The purpose of this rule is to offer regulators a way to look at whether banks were making loans fairly or were discriminating against certain groups, including racial minorities, in their lending decisions. Banking trade groups argue that sharing data on their small-business lending would be too costly and burdensome for them.

In July, the bank groups won a bid to suspend the rule. Since then, both sides have filed briefs in support of their positions, but the judge overseeing the case had waited to consider them. The Supreme Court decision allows the case to proceed.

In 2022, the bureau informed banks and other lenders that they would need to submit to regular tests to determine if their treatment of customers might inadvertently disadvantage certain groups, including racial minorities. Trade groups quickly challenged the move on several grounds. The bureau hadn’t given financial firms adequate notice that it was considering the move, they said. They also argued that it had no authority to check for discrimination.

A federal judge in the Eastern District of Texas, J. Campbell Barker, seized on the second claim, ruling that the bureau had failed to show “clear congressional authorization for the power it claims.”

The consumer bureau vowed to appeal the ruling, but agreed to wait until after the Supreme Court’s decision. It will now have to argue to a panel of the same judges that deemed its funding structure unconstitutional that Judge Barker made a mistake in his determination.

The consumer bureau worked for years to complete a sweeping set of restrictions on the payday lending industry — but before they took effect, President Donald J. Trump’s appointees to the bureau delayed, and then gutted, the new rule. Only minor provisions survived, including one preventing lenders from trying to repeatedly take funds from a borrower’s empty bank account.

Trade groups sued to block the watered-down rule as part of the lawsuit that the Supreme Court decided on Thursday. The ruling clears the way for the payday lending rule to take effect.

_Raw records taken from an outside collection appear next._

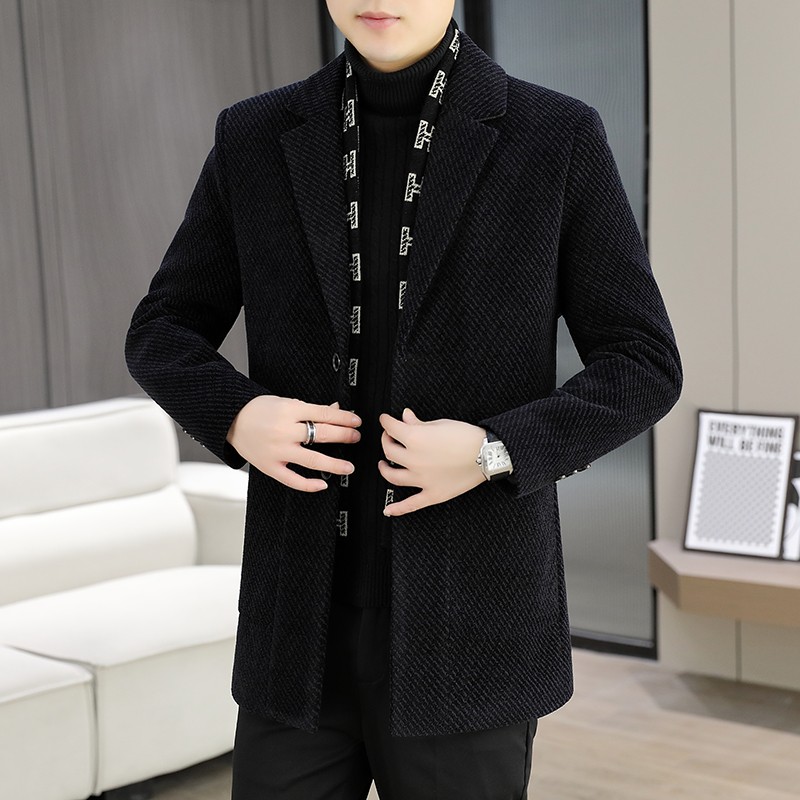 Mens ผ้าพันคอขนสัตว์แจ็คเก็ตฤด - Jack Winter Clothing บทวิจารณ์และราคา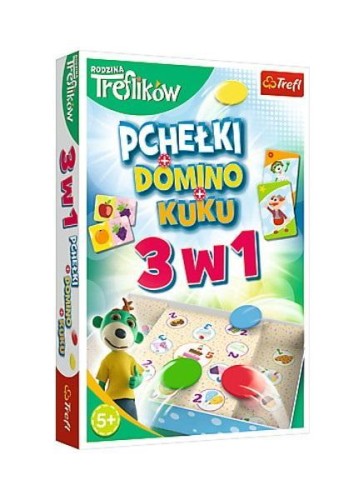 Trefliki 3w1 TREFL, Trefl
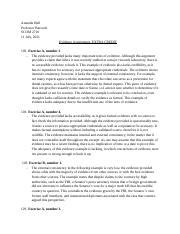 Evidence Assignment Ec Docx Amanda Hull Professor Barouch Scom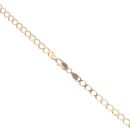 9ct Yellow Gold Curb Chain 18"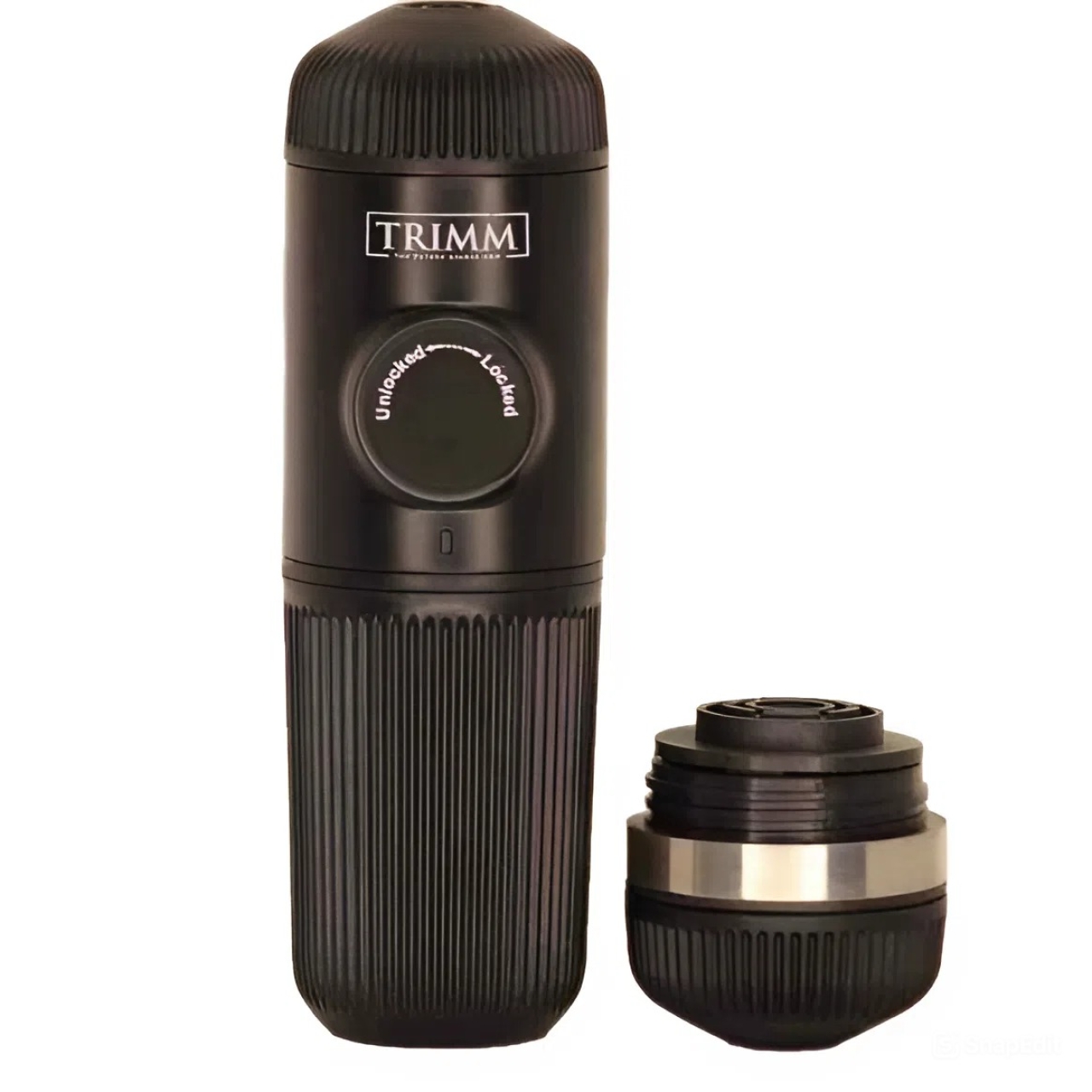 قهوه ساز دستی پمپی دوکاره دابل پرسو نانو پرسو 18 بار مدل TRIMM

More than two years ago, the consumer bureau sued FirstCash, claiming that the pawnshop chain violated limits on the interest rate that can be charged on loans to active members of the military. The case had been suspended because of the Fifth Circuit’s now-overturned decision.

Another case, in which the bureau accused the international money transfer company MoneyGram of illegal errors and delays, was similarly stalled. That case and others are now able to move forward.

The bureau is also now likely to get approval from federal judges to collect information from a group of payday and other small-dollar lenders, including Check City Partnership, Financial Asset Management, Purpose Financial, Community Loans of America, in investigations it is conducting into possible violations of its rules. It is also awaiting a go-ahead on an information request it sent to National Credit Systems, a debt collector that it believes may have violated rules related to debt reporting and fair credit.

Representatives of Check City, Community Loans of America, Financial Asset Management, FirstCash, MoneyGram and Purpose Financial did not immediately respond to requests for comment. A lawyer for National Credit Systems declined to comment.